Pass Re-use Across Addresses — Unlimited Attendance Rewards

Description

• Normal behaviour: Each festival pass (ERC-1155 IDs 1-3) should allow its holder to earn BEAT tokens once per performance.

• Issue: Attendance is tracked per caller address via hasAttended[performanceId][msg.sender]. After attending, a user can transfer their pass to another address; the new holder passes the hasPass() check and the per-address guard is still false, so they can attend again. The cycle can be repeated indefinitely during the same performance window.

Risk

Likelihood:

• Passes are freely transferable and trades often occur; moving a pass between wallets is common.

• Performances last hours; plenty of time for an automated attacker to rotate a pass among dozens of wallets.

Impact:

• Unlimited inflation of BEAT tokens; a single VIP pass can mint hundreds of times its intended reward.

• Honest users’ relative share diminishes; project tokenomics and reputation suffer.

Proof of Concept

The Forge test test_PoC_PassReuse_MultipleAttendance() demonstrates the flow:

1. Alice buys a VIP pass and, during the concert, claims her attendance reward (2× multiplier).

2. She transfers that very pass to Bob while the performance is still ongoing.

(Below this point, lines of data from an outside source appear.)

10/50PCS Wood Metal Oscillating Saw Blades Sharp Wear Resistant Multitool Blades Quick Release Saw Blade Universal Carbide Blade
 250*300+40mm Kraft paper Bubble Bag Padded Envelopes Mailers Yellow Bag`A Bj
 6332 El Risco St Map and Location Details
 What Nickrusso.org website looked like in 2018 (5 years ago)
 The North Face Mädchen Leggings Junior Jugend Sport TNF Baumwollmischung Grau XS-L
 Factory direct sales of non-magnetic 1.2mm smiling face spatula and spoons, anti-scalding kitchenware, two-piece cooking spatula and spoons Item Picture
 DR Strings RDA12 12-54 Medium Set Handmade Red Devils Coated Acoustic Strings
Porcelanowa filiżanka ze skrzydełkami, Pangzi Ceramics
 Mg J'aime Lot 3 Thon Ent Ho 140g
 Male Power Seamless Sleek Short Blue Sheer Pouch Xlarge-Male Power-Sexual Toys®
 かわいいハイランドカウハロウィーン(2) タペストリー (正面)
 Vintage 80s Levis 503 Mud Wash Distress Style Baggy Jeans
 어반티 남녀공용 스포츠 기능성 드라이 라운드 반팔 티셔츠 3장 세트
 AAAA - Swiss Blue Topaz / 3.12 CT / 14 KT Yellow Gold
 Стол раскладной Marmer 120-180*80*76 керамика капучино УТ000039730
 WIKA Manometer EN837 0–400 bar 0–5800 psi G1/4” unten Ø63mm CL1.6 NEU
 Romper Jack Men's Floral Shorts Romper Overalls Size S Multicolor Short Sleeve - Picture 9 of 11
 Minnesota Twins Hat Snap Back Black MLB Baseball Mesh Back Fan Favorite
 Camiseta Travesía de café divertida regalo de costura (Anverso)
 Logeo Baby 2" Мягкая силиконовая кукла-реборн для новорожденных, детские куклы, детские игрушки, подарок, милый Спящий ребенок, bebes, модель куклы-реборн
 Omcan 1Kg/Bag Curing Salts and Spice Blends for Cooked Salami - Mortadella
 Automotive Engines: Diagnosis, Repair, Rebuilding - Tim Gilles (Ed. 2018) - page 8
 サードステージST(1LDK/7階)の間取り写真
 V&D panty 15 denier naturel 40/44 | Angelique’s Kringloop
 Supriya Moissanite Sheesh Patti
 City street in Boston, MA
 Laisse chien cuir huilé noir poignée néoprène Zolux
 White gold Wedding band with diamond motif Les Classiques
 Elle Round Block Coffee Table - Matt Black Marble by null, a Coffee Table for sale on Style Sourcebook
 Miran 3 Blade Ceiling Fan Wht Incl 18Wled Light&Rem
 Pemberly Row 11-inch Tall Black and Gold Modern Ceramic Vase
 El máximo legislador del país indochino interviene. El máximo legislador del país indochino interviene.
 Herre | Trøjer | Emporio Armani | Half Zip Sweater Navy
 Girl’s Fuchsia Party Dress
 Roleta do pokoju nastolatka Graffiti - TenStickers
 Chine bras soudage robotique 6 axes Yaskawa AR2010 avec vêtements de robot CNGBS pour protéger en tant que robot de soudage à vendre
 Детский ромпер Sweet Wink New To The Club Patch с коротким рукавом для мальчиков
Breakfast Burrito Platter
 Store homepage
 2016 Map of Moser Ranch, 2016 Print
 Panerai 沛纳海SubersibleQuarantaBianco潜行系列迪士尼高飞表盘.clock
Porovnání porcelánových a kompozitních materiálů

3. Bob calls attendPerformance() for the same performanceId and receives another full reward because the contract only checked hasAttended[perfId][Bob] (which was false).

4. Both wallets now hold the expected BEAT balances, confirming the pass was reused.

Recommended Mitigation

Two viable defences:

A. Track usage per token

This assigns the NFT itself as the key, so even after transfers the pass cannot be recycled.

B. Temporarily freeze transfers

Override _beforeTokenTransfer to reject moves of IDs 1-3 while any performance is active (block timestamp between startTime and endTime). This solution is simpler but imposes UX restrictions on secondary-market trading during events.